Sean Murphy wrote:
I have read the FreeBSD Handbook Chapter 20
http://www.freebsd.org/doc/en_US.ISO8859-1/books/handbook/cutting-edge.html
I understand what FreeBSD-Current is.
FreeBSD-Stable is a little fogy for me. Here is what I found and I
think.
quote "FreeBSD-STABLE is our development branch from which major
releases are made. Changes go into this branch at a different pace, and
with the general assumption that they have first gone into
FreeBSD-CURRENT for testing. This is still a development branch,
however, and this means that at any given time, the sources for
FreeBSD-STABLE may or may not be suitable for any particular purpose. It
is simply another engineering development track, not a resource for
end-users."
So "Stable" is not really "Stable" it is still a branch for
development and security fixes that go into "Point Releases". Which
means "Point Releases" are the real true "Stable" area. Right?

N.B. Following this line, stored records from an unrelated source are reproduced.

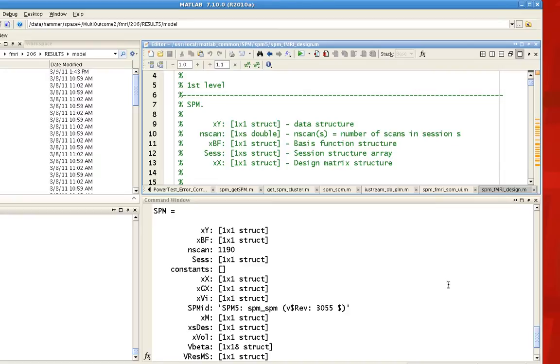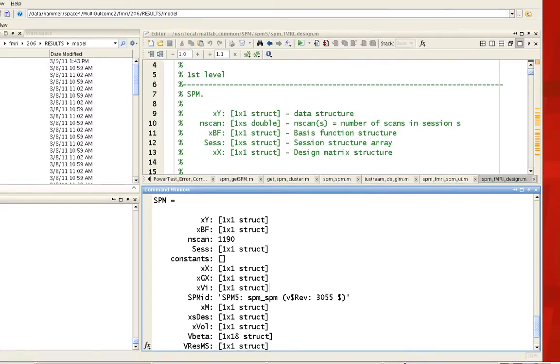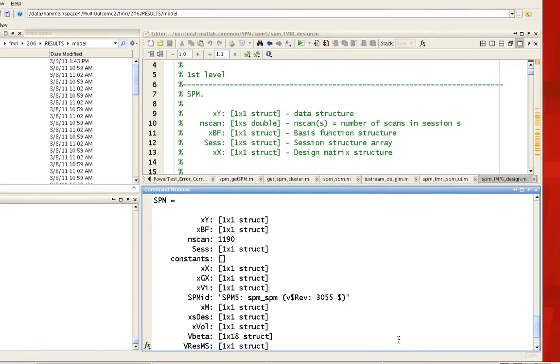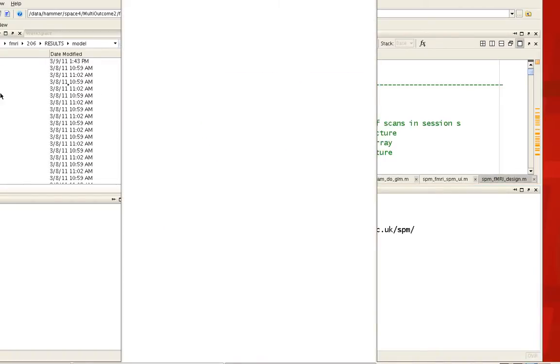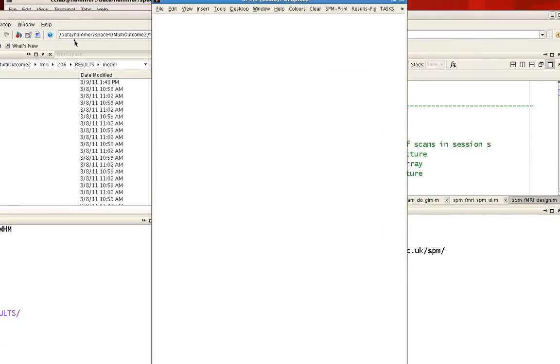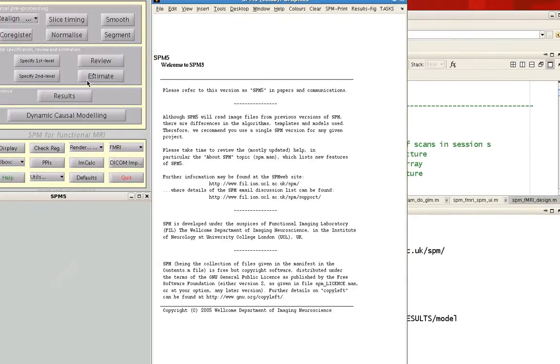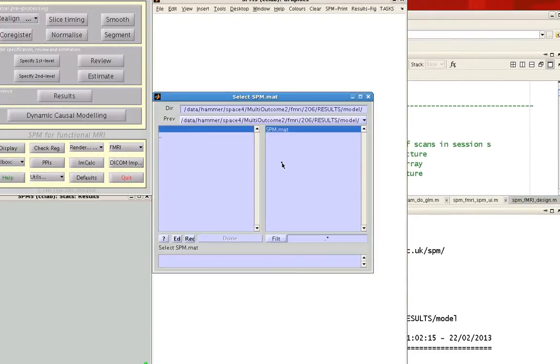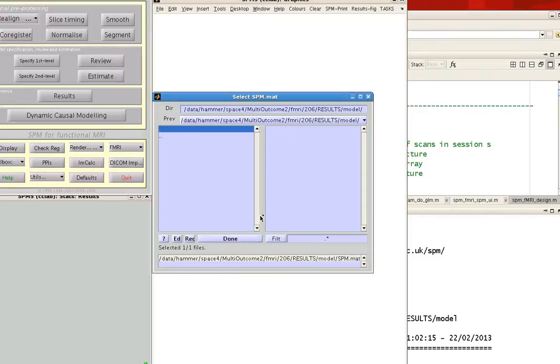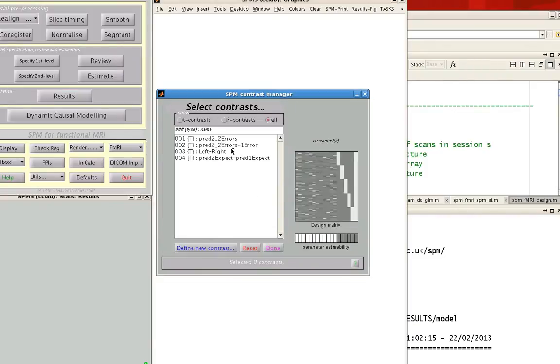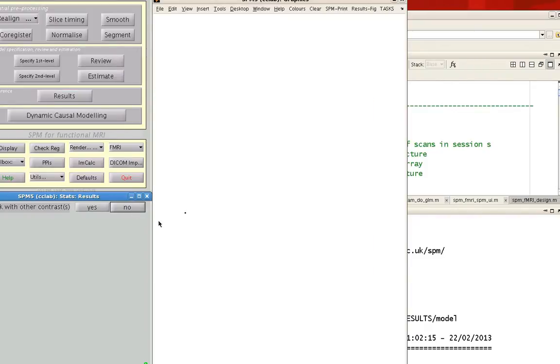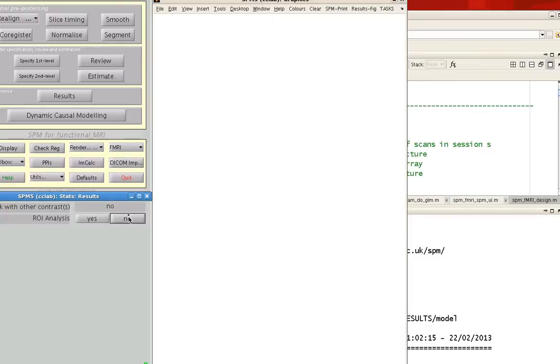Lastly, when you actually load up an SPM.mat file and you run things like a contrast on it, I'm going to go ahead and do that. Look at the results, load the SPM.mat file, and then let's say I'm interested in a particular contrast.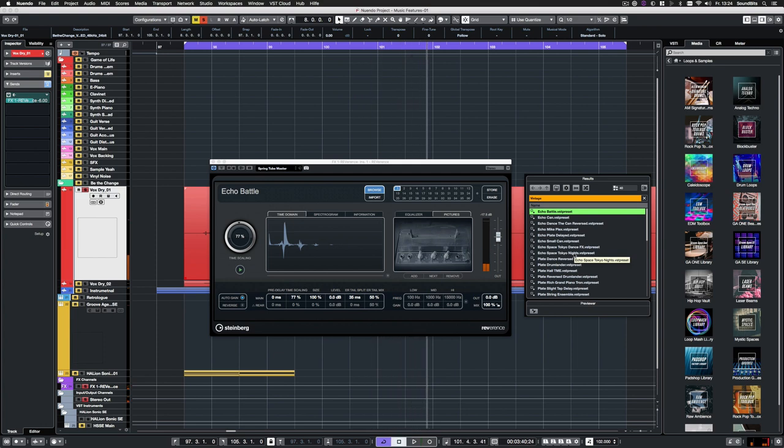This was Nuendo 10 and its new music functions. I'm Saro Zahihi from SoundBits. Thank you for watching and don't forget to subscribe to the Nuendo channel.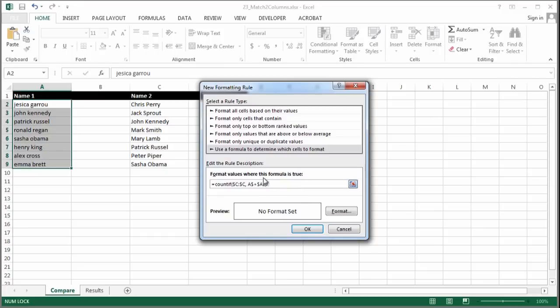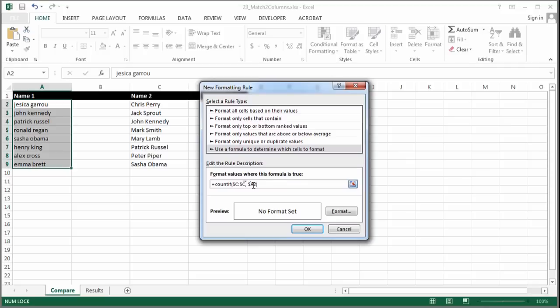So what have I done? Let's make this one correct. COUNTIF the static C column all the way through the C column to static A and dynamic 2, so it will then do 3, 4, 5. Hopefully that makes sense. If not, just copy the formula.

More or less, yes. -STABLE really is pretty stable in my experience,
since the development code that gets checked in is ostensibly good,
running code that has already been tested. But... sometimes it isn't
good code, or sometimes one change conflicts with other recent
changes that got checked in.
Also, features in -CURRENT may diverge from the last release point
by a rather wide margin, so it isn't really the best testing
environment for evaluating how a change will affect users when it is
grafted onto the last release point -- that is more the job for
-STABLE. Finally, some bugs just don't manifest until a wider range
of users have tried out the new code.
Release points represent a junction where -STABLE really does prove
to be very stable for a wide range of uses and platforms. A release
might still have some bugs that didn't manifest yet, but that is
much less likely than if you run -STABLE.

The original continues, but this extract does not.